El primer asesinado de la banda fue Bernardo Loitegui (h), hijo de Bernardo Loitegui, ex ministro de Obras Públicas de la Nación durante el gobierno de facto de Alejandro Agustín Lanusse. Según refieren los hechos, Álvarez y un compinche le robó a Loitegui (h) su Mercedes Benz. Aunque el hombre no se resistió, El Concheto lo liquidó dos dos balazos delante de su hija.

De acuerdo al testimonio de un remisero, que figura en el expediente, al otro día del hecho Álvarez tomó ese auto y cuando vio la noticia en el diario, se jactó por su obra macabra: “A ese tipo lo maté yo.
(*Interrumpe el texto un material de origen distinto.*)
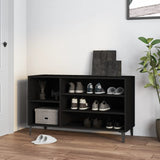 Vidaxl Cabinet da scarpe 102x36x60 cm in legno proprietà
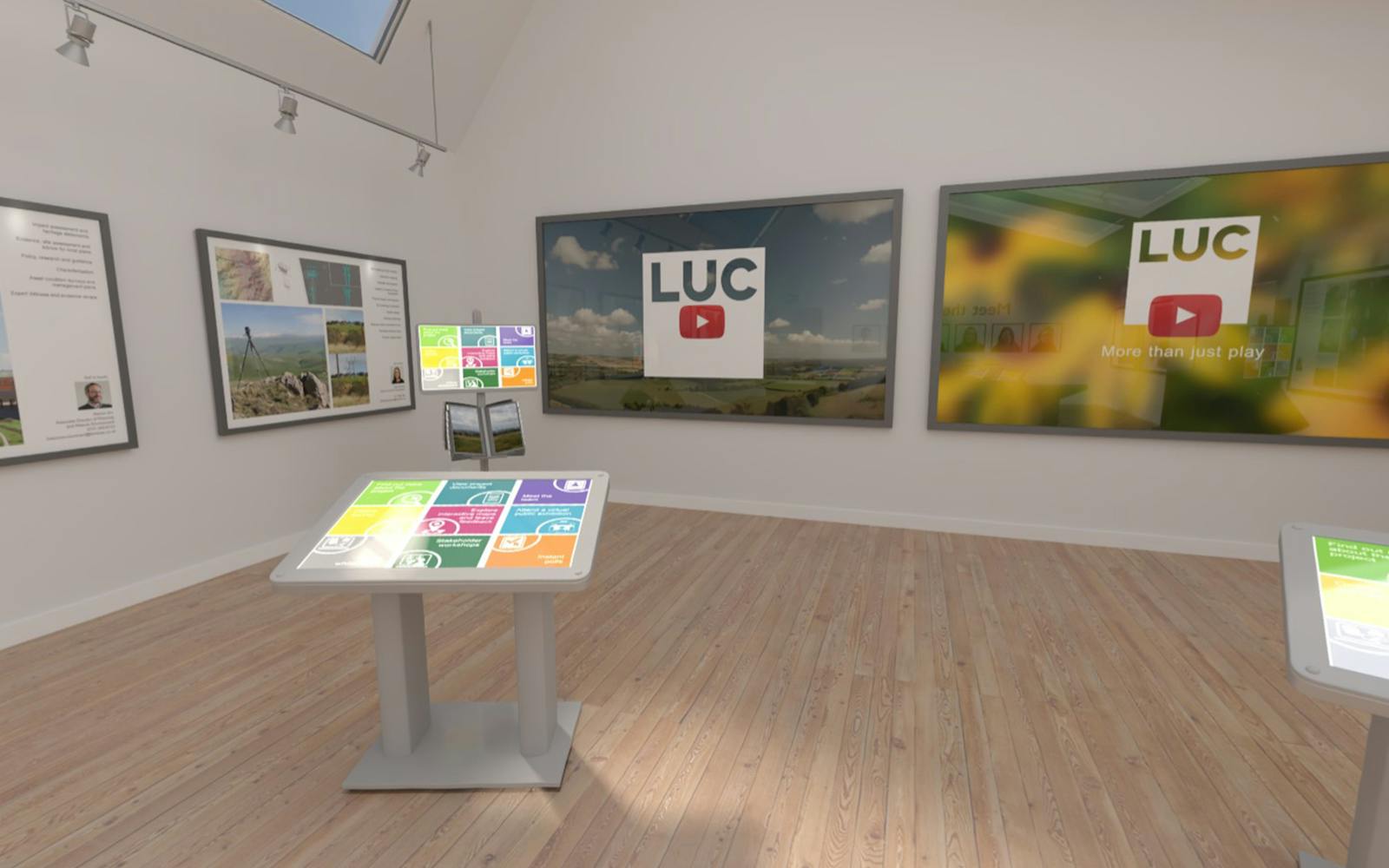 LUC Online Consultation Hub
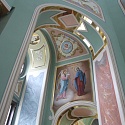 Роспись храма Петра и Павла, с Петровское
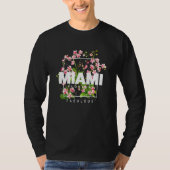 Coole Miami Beach T-Shirts I Liebe Miami Miami Pa (Vorderseite)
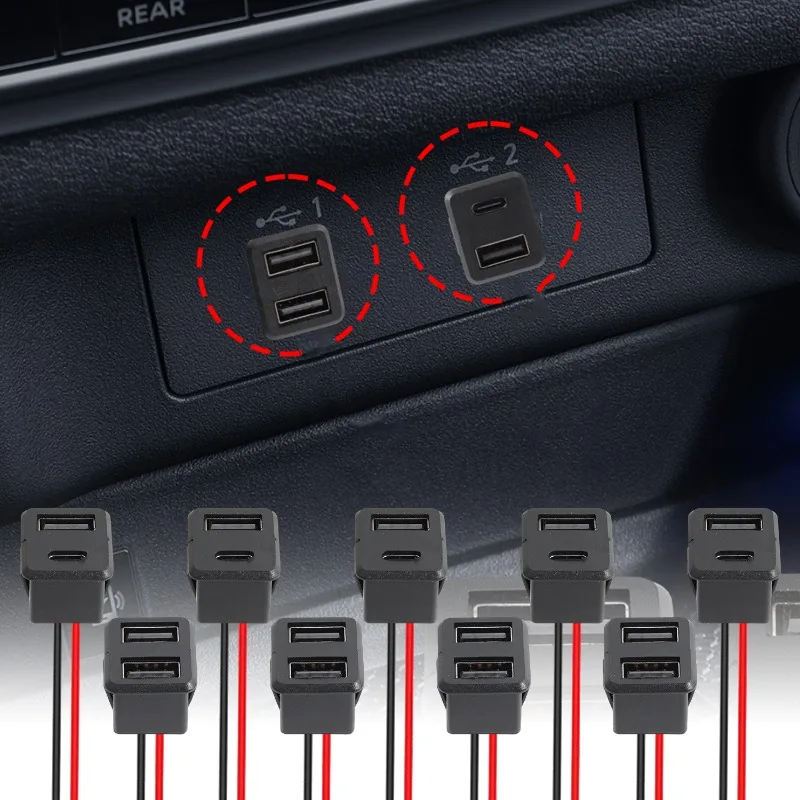 Automotive USB-C So…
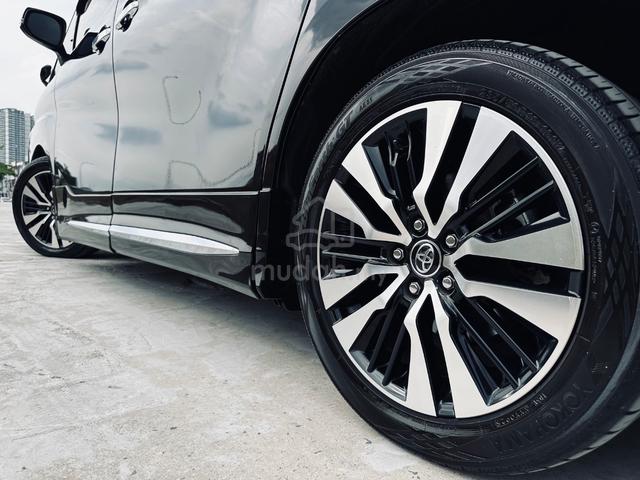 2018 Toyota VELLFIRE 2.5 ZG (A) Sunroof Modellista - 4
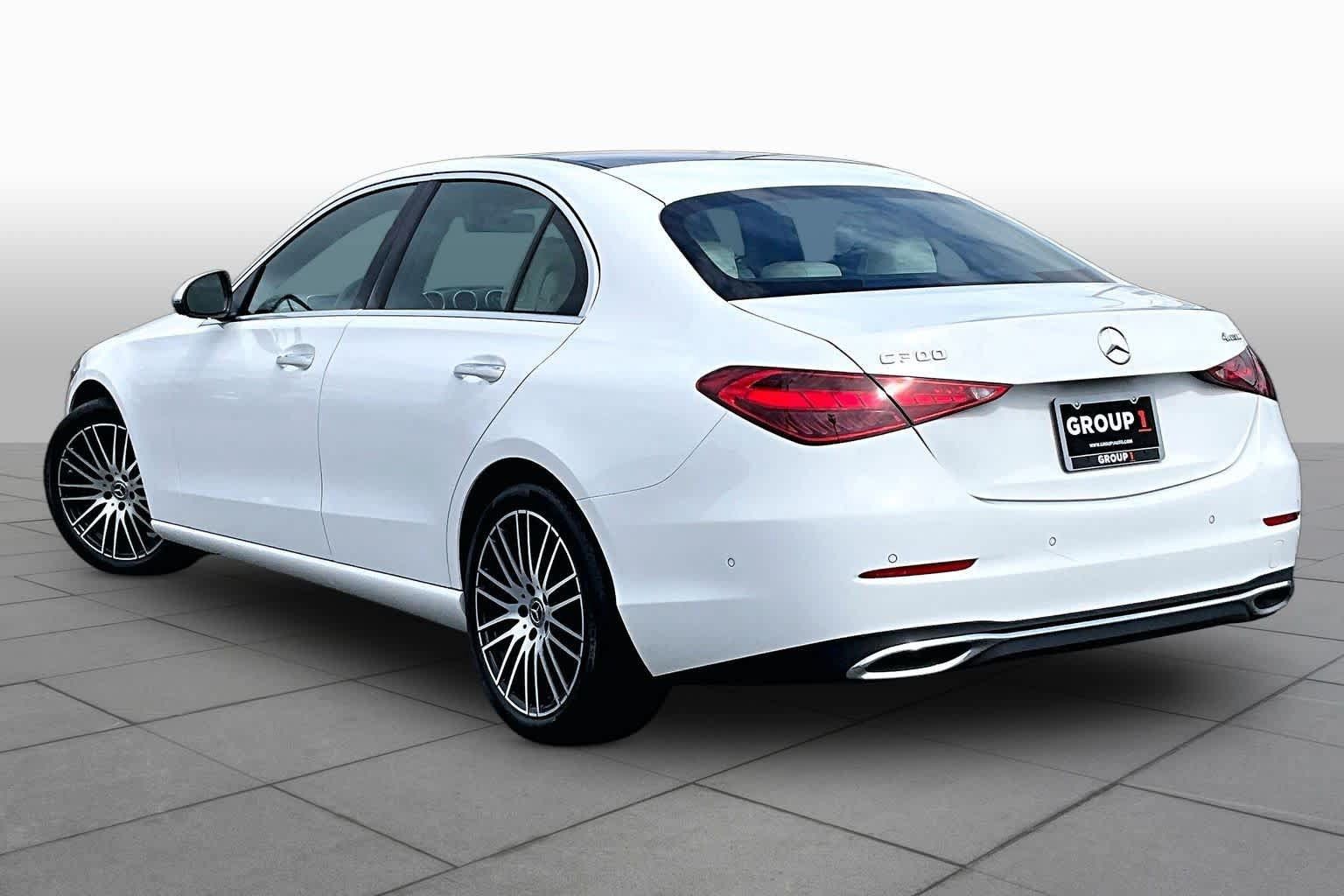 Used 2024 Mercedes-Benz C 300 4MATIC Sedan image 11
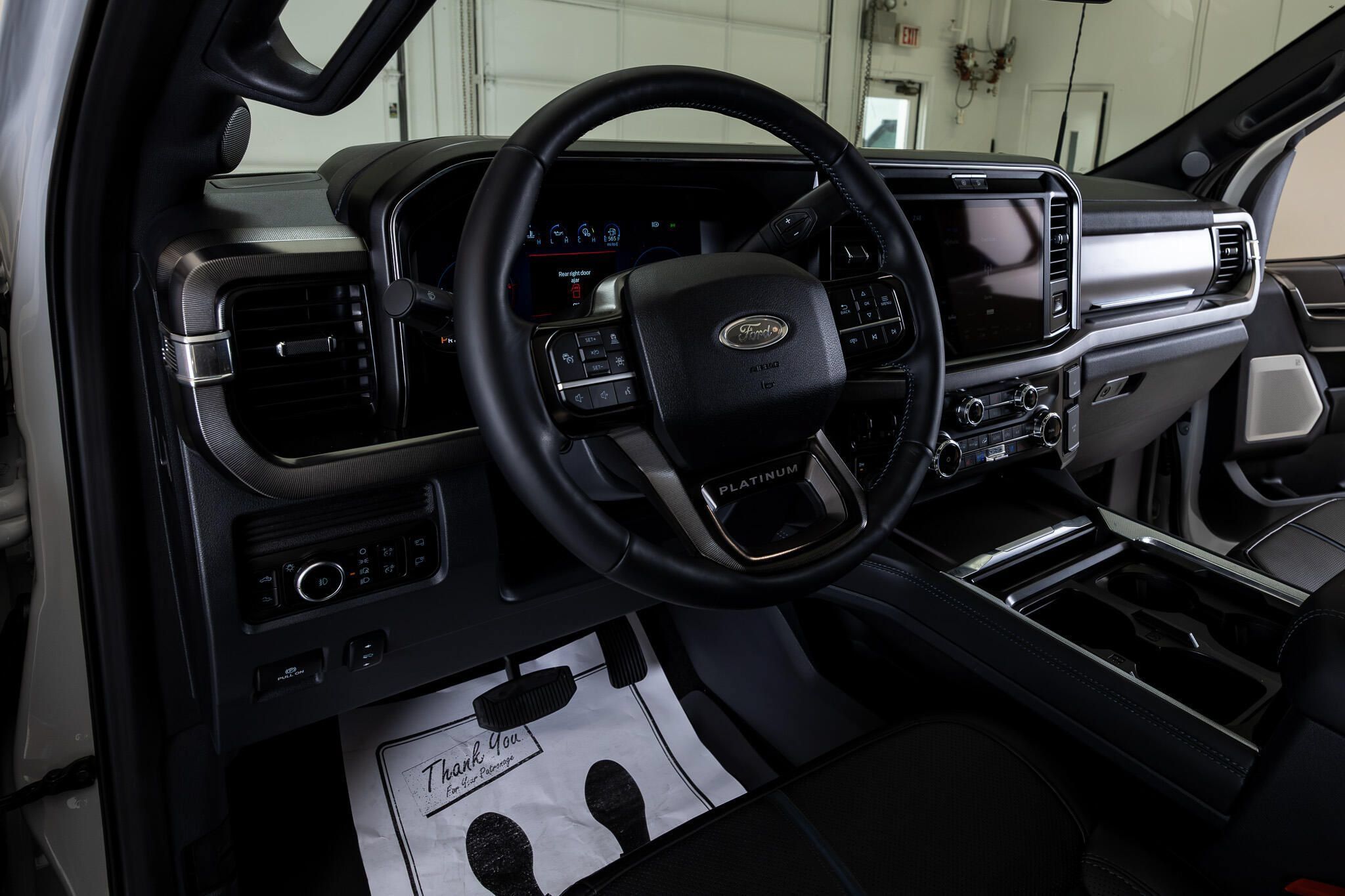 Used 2026 Ford F450 Platinum AWD/4WD image 14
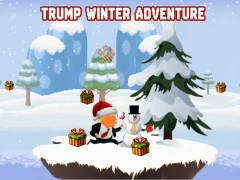 Trump Winter Adventure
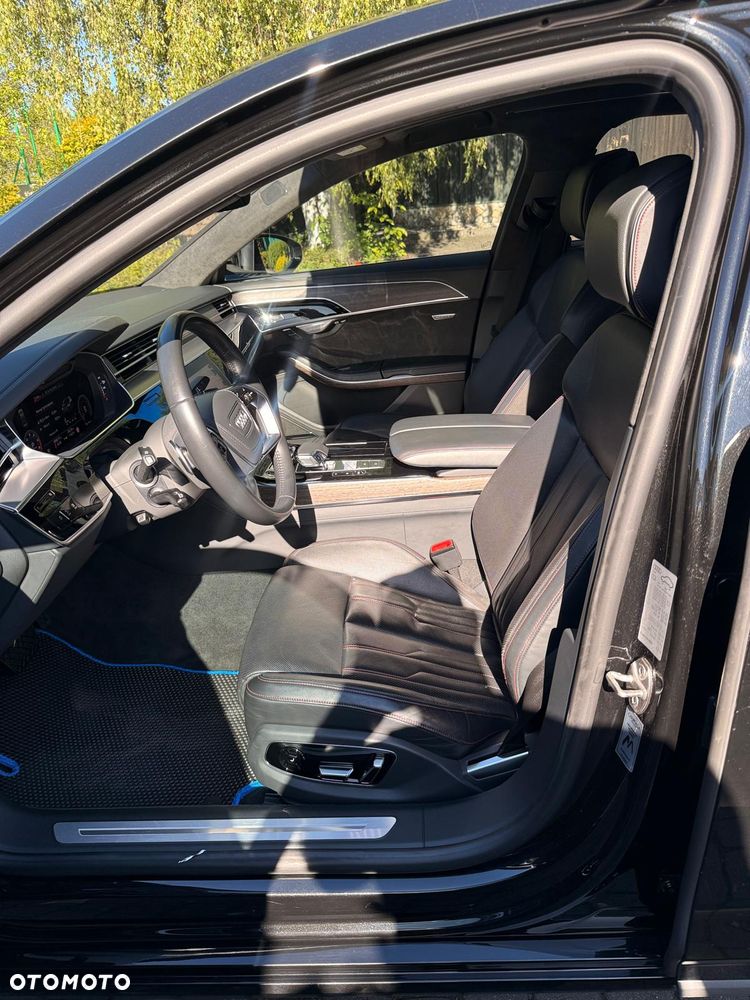 Audi A8 L 50 TDI mHEV Quattro Tiptr - 9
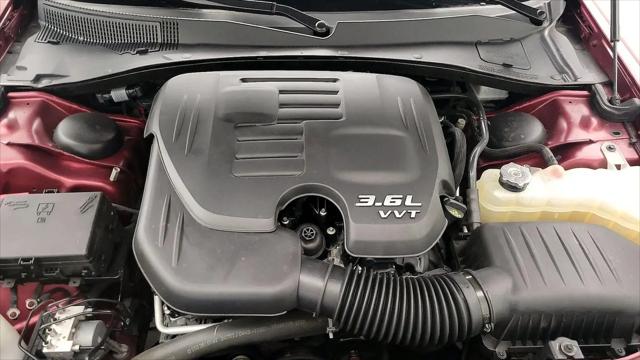 2019 Chrysler 300 Touring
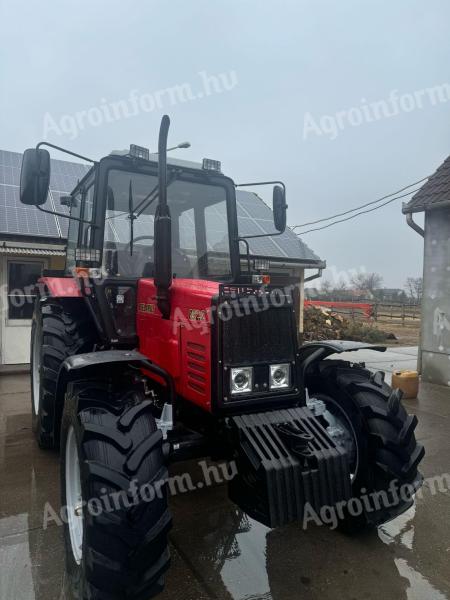 MTZ BELARUS 892.2 KLÍMÁS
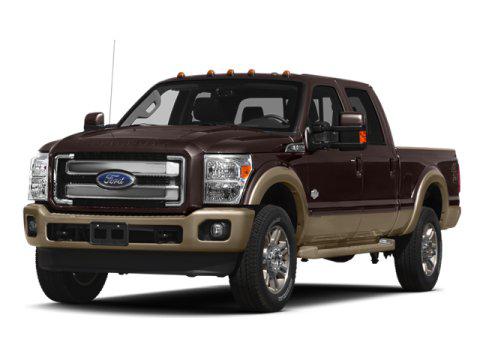 2014 Ford F-350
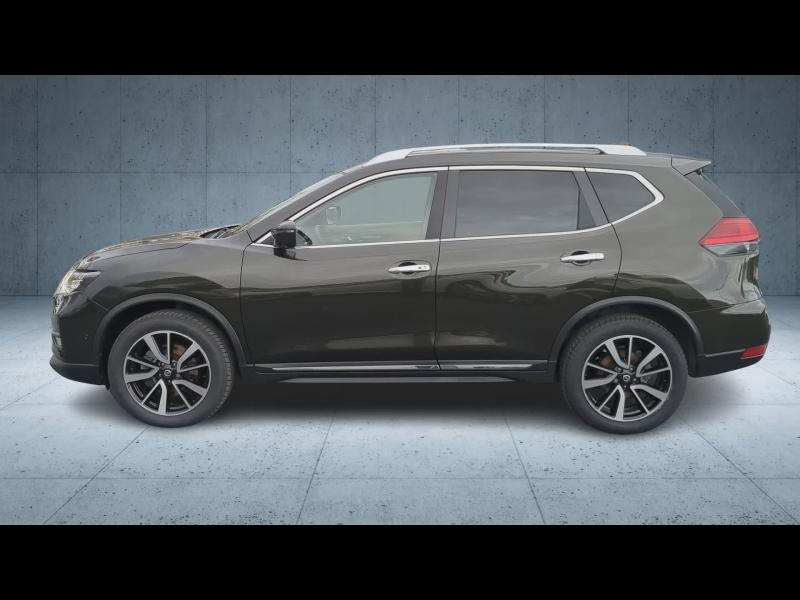 NISSAN X-Trail d’occasion à vendre à PERPIGNAN chez AUTO MEDITERRANÉE (Photo 5)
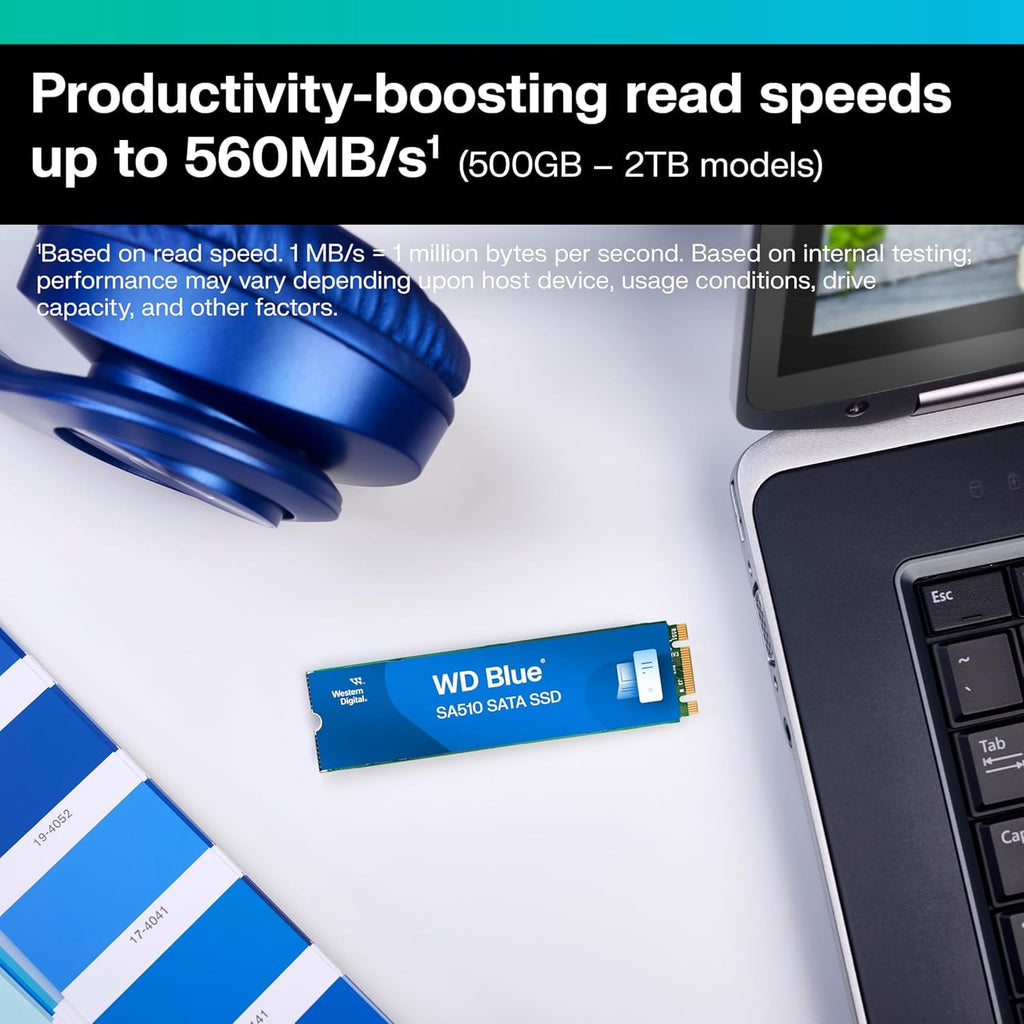 500GB SATA M.2 M216343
Se retomó y le di plomo”.

Por entonces, hacía apología de sus propios delitos. “Robo porque me gusta, no por necesidad. El delito me atrae, me seduce, es como enamorarse. O tener la mujer más linda”, dijo cuando lo detuvieron.

Un investigador lo comparó como Clark Kent: “Usaba lentes, traje, parecía torpe y bueno, pero cuando robaba le salía el lado salvaje, monstruoso, hasta parecía cambiar de forma”, dijo el pesquisa.

Lo detuvieron un mes después en la casa donde vivía con su familia. En su cuarto, los policías hallaron recortes del diario La Nación de 1972, donde aparecían los crímenes y las reconstrucciones ante la policía de Carlos Eduardo Robledo Puch, el llamado ángel negro, que vivía muy cerca del barrio donde se crío Álvarez.

“Pensaba superar el récord de Robledo y hasta pidió una visita con él, pero Robledo no le respondió”, dijo una fuente penitenciaria bonaerense.

El cuarto asesinato de El Concheto ocurrió en un pabellón de la vieja cárcel de Caseros, donde mató a facazos a Elvio Aranda.

A pesar de haber sido condenado a prisión perpetua por cuatro asesinatos, el 18 de diciembre de 2015 los jueces de la Cámara de Casación Ángela Ledesma y Alejandro Slokar consideraron que la pena de prisión perpetua no podía exceder los 25 años y resolvieron que el asesino múltiple debía quedar en libertad.

Álvarez dijo que era otro hombre. Que había aprendido la lección. Que se había puesto en pareja con una mujer que le escribía cartas. Se instaló en una casa en Gualeguaychú, pero a los tres meses volvió a caer. Lo acusaron de haberle robado 67 mil pesos a un colombiano que había retirado de una financiera. El dinero estaba en un morral. Y El Concheto estaba en Buenos Aires, aunque ante los jueces se había comprometido a no salir de Entre Ríos. Por ese robo, perdió todo tipo de beneficio. La Corte Suprema de Justicia ratificó la condena a reclusión perpetua más la accesoria por tiempo indeterminado.

Ya no era el temible asesino que mataba con odio y sin piedad. Se había convertido en un arrebatador de poca monta. Una sombra del hombre que soñaba con superar a Robledo Puch, pero su leyenda negra quedó a mitad de camino.